I’d Like to Help Find You Some Good Books

Not far from my stack of book-club books, in another section of my shelf, is an old red cloth-bound volume: The Collected Poems of W.B. Yeats. Several pages have the corners turned down, including one featuring ‘Under Ben Bulben’, which has lines my father quoted often:

Cast a cold eye
On life, on death.
Horseman, pass by!

Those lines are the epitaph on Yeats’s tombstone, and they are the lines we said over my father shortly after he died. I had always imagined that the horseman was the horseman of death and that the poet was asking to be spared. But another interpretation came to me recently: the horseman was fear. Through books, I found some of the courage my father had wanted me to find. I created meaning with men who represented the very thing I feared.

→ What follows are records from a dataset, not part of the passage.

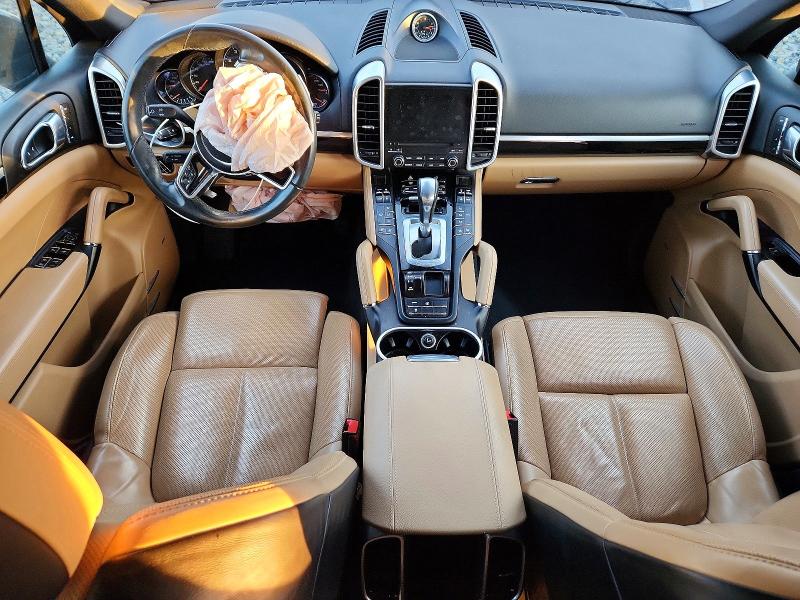 Photo 8 from auction – 2017 PORSCHE CAYENNE with VIN WP1AA2A24HKA89888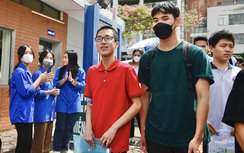 Chiều nay, hơn 1 triệu sĩ tử tập trung làm thủ tục dự thi tốt nghiệp THPT 2024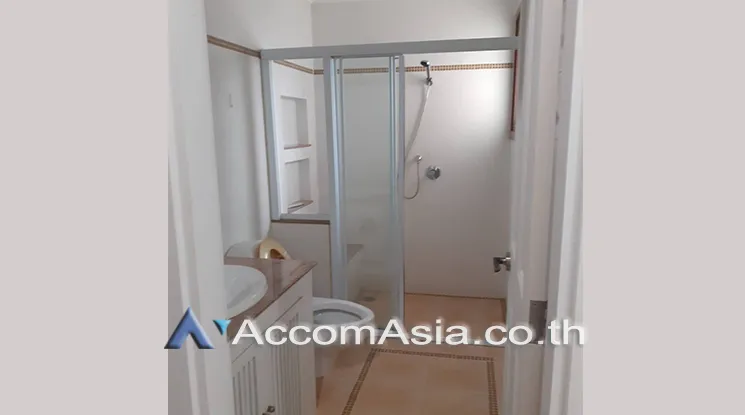 10  4 br House For Rent in Pattanakarn ,Bangkok  at Peaceful compound 1813587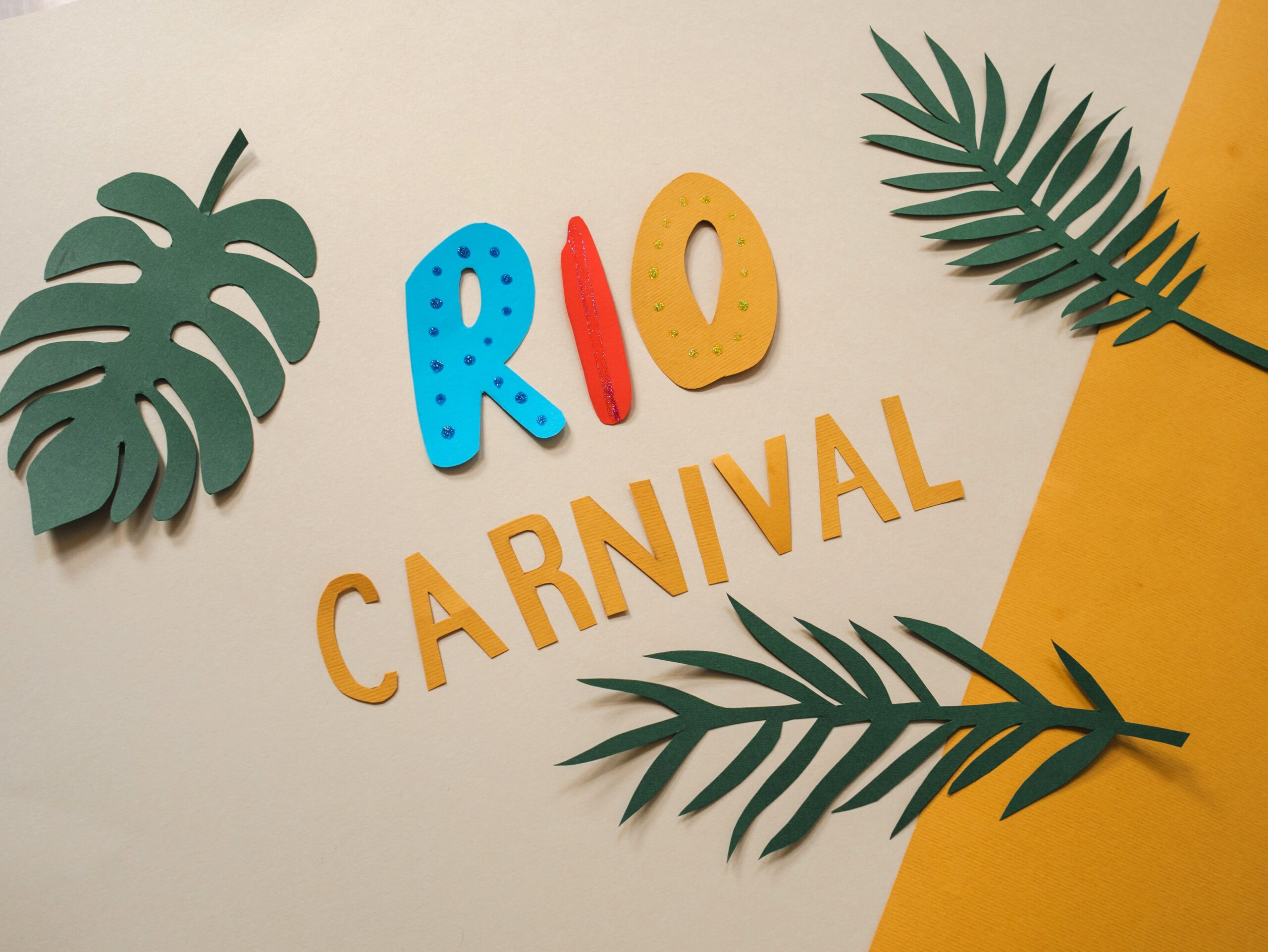 Les costumes du carnaval de Rio s'offrent une nouvelle vie de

Six years ago, when my friend Carol Finlay invited me to join a book club she had started in a Canadian men’s prison, everything about it screamed bad idea. I admired the work she was doing but wasn’t sure I could take part. In England in 2002, at the age of 46, I had survived a violent mugging. Two men had chased me down a dark lane beside my London house, choked me until I’d lost consciousness, then fled with my mobile phone.

It had taken me months to overcome the trauma, and during my remaining three years in the city, I was too frightened to walk alone at night. I wasn’t sure I could enter the prison without triggering my earlier response. But then I remembered that, in the weeks after the attack, I had felt an unexpected maternal impulse as I’d imagined how distressed my assailants’ mothers must have felt about their errant sons. Something my father once said to me also came to mind: “If you expect the best of people, they will rise to the occasion.” As an Ontario Court judge, he had seen people at their worst.

I knew Carol had the men at Collins Bay Institution, a federal penitentiary in Kingston, Ontario, reading good literary fiction and non-fiction. They met once a month to discuss a chosen book. It was, in some ways, just like the club Carol and I belonged to in Toronto, except we were all women and not in jail.

By the slimmest of margins, my curiosity began to outweigh my apprehension. I couldn’t resist seeing what the convicts would say about the books.

What I didn’t know until my first visit was that Carol and I would meet the 18 or so heavily tattooed book club members in a remote building within the prison walls, with no guards present and no visible security cameras. Carol’s idea was to put the men at ease. Our only protection would be a chaplain wearing a personal security alarm that would alert guards in the main building, some 80 m away.

Built in the 1930s, Collins Bay is a grey castle fronting a vast square of limestone rampart, with red-capped guard towers at each corner. This was my view as I walked up, in October 2010, for my inaugural session with the prison book club. I had followed Carol’s instructions to downplay my curves and eliminate showy jewellery. I was wearing a turtleneck, a tweed jacket and pants, my gold wedding band and simple pearl stud earrings. I was also wearing my nerves. My hand shook as I signed the guest logbook at reception.

From that moment on, I remember only brief impressions. I was fearful to the point of shock. After the set of metal doors at the entrance slammed behind me, I recall being hit by the smell – an unpleasant yeasty odour I couldn’t quite identify, as though decades of hardship, hate and regret had condensed on the walls. The prison chaplain, Blair [the names of prison workers and inmates have been changed], was escorting Carol and me. We passed lots of men in white waffle-weave long-sleeved shirts or blue T-shirts and jeans, some pushing carts or carrying mops, and I remember thinking, Gosh, they have a lot of staff here.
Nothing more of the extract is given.